Rumshock Homeless Vet Project Stalled
The final Victory Village hurdle, payment for a building permit, has been made but mysteriously lost.
Two halves of a tiny house and the beginning of another are sheltered in a BOCES carpentry workshop, built by students for the Rumshock program to house and educate homeless veterans. Last spring, Corey Moore, BOCES carpentry instructor, volunteered to have his students build the ten houses to be trailered in halves to the Port Jervis site on East Main St. in the fall of 2024.
However, on December 17, asked how the project was progressing, Moore said, “There has been very little movement. We have not gotten the building permit as of close of business Friday.”
His students can’t build more tiny houses until the one built is moved to the Port Jervis site. The BOCES workshop has limited space, but without the building permit, no construction can begin.

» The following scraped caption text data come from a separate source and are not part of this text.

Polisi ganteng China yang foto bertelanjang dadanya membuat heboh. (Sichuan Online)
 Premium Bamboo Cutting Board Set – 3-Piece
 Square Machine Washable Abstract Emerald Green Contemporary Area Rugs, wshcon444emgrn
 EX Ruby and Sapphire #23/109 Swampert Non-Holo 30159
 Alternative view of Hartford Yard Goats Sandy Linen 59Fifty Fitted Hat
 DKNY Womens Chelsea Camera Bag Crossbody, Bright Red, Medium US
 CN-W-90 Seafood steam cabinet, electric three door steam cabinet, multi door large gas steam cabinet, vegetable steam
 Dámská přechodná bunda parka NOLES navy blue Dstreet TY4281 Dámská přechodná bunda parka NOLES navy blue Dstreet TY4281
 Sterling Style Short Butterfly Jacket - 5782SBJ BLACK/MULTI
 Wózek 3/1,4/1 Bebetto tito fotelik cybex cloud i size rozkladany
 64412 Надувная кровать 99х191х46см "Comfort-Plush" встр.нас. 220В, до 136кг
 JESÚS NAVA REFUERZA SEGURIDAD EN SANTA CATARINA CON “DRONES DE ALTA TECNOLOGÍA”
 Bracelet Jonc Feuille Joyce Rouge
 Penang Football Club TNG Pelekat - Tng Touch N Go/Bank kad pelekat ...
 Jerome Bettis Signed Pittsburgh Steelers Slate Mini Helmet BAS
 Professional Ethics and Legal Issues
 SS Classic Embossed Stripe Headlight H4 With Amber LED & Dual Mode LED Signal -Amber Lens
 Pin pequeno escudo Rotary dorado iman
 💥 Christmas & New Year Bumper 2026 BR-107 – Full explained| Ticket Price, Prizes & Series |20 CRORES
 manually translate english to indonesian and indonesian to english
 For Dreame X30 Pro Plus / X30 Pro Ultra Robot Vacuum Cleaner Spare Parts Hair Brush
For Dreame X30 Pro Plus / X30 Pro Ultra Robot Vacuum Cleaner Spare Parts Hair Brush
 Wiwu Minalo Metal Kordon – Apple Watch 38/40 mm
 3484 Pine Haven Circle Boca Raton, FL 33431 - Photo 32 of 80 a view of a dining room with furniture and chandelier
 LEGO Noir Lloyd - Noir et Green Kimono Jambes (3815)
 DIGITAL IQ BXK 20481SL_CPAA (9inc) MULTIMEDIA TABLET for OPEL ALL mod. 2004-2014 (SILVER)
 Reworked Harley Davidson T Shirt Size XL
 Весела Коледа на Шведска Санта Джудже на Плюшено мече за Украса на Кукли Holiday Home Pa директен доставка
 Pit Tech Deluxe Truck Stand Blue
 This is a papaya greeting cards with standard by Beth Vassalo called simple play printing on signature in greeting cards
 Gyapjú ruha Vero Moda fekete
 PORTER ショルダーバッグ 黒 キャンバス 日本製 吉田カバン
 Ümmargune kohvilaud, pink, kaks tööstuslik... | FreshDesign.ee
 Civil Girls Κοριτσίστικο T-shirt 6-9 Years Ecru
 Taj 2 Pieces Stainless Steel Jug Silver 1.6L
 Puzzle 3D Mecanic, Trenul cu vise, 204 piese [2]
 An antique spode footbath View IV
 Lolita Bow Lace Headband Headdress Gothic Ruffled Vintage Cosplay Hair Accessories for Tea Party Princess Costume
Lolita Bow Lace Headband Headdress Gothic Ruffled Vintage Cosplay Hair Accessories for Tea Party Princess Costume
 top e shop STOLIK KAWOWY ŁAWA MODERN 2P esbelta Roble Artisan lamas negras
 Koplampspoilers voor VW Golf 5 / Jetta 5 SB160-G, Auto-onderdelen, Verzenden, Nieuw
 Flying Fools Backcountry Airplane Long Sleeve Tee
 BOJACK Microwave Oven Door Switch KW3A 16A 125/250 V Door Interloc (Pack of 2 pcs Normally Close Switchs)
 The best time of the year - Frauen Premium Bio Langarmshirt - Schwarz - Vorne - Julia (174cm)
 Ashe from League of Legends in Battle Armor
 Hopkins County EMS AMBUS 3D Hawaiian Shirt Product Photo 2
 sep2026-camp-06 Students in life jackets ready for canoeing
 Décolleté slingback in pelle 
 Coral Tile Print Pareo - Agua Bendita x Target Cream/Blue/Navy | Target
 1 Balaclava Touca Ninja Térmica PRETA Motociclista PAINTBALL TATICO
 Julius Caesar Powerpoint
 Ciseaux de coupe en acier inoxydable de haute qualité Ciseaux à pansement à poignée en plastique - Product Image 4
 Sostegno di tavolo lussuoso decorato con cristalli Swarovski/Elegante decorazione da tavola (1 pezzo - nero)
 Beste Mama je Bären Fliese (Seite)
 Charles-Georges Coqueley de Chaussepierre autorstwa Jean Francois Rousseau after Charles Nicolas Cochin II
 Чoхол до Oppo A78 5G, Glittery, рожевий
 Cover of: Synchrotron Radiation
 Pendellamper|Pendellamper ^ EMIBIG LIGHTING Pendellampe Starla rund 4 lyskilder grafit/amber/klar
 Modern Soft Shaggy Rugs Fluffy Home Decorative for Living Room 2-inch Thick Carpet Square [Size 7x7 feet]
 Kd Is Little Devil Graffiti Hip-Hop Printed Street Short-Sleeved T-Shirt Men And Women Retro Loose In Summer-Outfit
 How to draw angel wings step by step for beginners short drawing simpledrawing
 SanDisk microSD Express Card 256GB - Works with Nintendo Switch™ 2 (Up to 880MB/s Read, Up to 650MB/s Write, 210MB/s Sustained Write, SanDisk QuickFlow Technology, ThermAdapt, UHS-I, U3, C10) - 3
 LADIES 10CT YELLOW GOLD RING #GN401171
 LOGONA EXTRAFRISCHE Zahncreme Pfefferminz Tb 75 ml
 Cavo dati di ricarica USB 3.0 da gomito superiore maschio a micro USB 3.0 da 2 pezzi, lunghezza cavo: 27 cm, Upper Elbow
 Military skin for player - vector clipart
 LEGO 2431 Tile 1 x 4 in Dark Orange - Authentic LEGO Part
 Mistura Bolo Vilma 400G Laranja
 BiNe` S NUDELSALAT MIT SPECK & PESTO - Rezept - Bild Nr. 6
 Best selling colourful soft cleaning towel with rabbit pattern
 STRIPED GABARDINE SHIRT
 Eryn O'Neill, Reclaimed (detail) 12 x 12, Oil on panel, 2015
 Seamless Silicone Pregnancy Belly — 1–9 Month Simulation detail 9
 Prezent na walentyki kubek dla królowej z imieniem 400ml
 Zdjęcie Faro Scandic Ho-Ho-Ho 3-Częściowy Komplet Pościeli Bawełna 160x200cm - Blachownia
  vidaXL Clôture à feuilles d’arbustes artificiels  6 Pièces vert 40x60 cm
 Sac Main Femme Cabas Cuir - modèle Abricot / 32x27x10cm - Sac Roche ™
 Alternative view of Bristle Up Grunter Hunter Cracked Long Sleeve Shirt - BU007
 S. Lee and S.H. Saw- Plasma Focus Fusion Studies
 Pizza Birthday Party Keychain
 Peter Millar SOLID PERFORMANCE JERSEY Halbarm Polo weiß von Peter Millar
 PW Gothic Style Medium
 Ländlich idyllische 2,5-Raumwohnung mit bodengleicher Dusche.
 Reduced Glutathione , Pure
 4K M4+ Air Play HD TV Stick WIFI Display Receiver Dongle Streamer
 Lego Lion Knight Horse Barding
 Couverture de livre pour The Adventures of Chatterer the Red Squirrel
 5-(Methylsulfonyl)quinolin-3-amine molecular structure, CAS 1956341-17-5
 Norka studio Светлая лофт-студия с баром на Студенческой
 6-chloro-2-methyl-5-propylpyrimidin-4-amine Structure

First Ward Councilman Jason Vicchiariello, chair of the Code Committee, which oversees city regulations, said that a building permit could not be issued until required fees are paid. The building permit fee had been waived by Port Jervis Common Council, but the engineering and recreation fee remained.
“There’s a limit to how much we can ask residents to pay,” said Vicchiariello.
Bill Whetsel, of Monroe, Rumshock Foundation founder and veteran, hatched the idea for ten tiny houses in 2019 when he discovered that Orange County had more homeless veterans than surrounding counties, 27 compared to seven or less elsewhere. Newly discharged veterans were dropped off at Stewart Airport with little support. They could get Veterans Administration help with PTSD and drug addiction and move to halfway houses for a while, Whetsel said, but after that, with nowhere to go, they were likely to land at a Newburgh homeless shelter.
“The military gives you food, clothes and a regimen. Then they drop you at Stewart Airport with nothing,” he said. “What do you do? Veterans do better with veterans.”
He noticed that Orange County has many veteran services but no veteran housing. Whetsel explored what worked at veteran shelters in other counties. He saw that community gardens and transportation were important. So his plan included growing micro-greens, mushrooms and hydroponic vegetables that veterans could both sell and eat. They would do electronics recycling, use solar panels to reduce electricity costs and have a garage with a lift. These resources would provide vets with a regimen, help pay rent, and new skills would offer opportunities.
In 2020, Jen Metzger, who was then state senator, helped Rumshock get a grant for the $400,000 needed to pay $200,000 for the .75 acre Port Jervis property and other program expenses for Victory Village. In March 2024, Congressman Pat Ryan (D-18) presented Rumshock with a $1 million federal grant added to a $400,000 new state grant. But government funding can be slow in arriving. Fundraisers have helped, like a Warwick dinner served by Warwick officials. But Whetsel is still waiting and using on-hand funds, including from his credit card, to move the building process along.
On July 12, Port Jervis officials approved Rumshock plans. Port Jervis Common Council agreed to waive the $14,000 building permit fee, but the fee was still included on his invoice from the city building department, Whetsel said. In eight emails from the building department, fees kept shifting, he said. His attorney advised him not to provide press with the emails.
“Only two weeks ago, they finally took away the building fee the council and mayor said I didn’t have to pay,” Whetsel said. “Then an additional engineering fee was added.”
He said he asked for a bill itemization that never came. He was already frustrated by the time needed for environmental review, looking for bat and mussel habitats, radon mitigation, requirement of sewage system expansion, fire hydrant and sidewalks. Those issues were not so unusual, but when Whetsel paid the fee, $4750, to the city with his credit card on Nov. 14, it didn’t get through to the city. Initially, the impediment was that he needed to confirm the charge with credit card customer service because of the amount charged.
After Whetsel confirmed the charge, the funds went through from the credit card, as a Chase Bank representative confirmed in a three-way call between the representative, Whetsel and this Lookout reporter. The problem that has delayed the payment is that the Port Jervis payment system has not acknowledged receiving the check, Whetsel said.
Asked to explain, Stacey Hosking, Port Jervis City Clerk/Teasurer said she could not explain. “It’s a private project.”
“We can’t cut trees and prepare the land until we have a permit,” Whetsel said. “The zoning process already took two years. I think someone’ s working against us.”
But Councilman Vicchiariello said he was unaware of this last payment hurdle. “We waived the building fee. I don’t understand what’s being done,” he said. “This is a wonderful project.”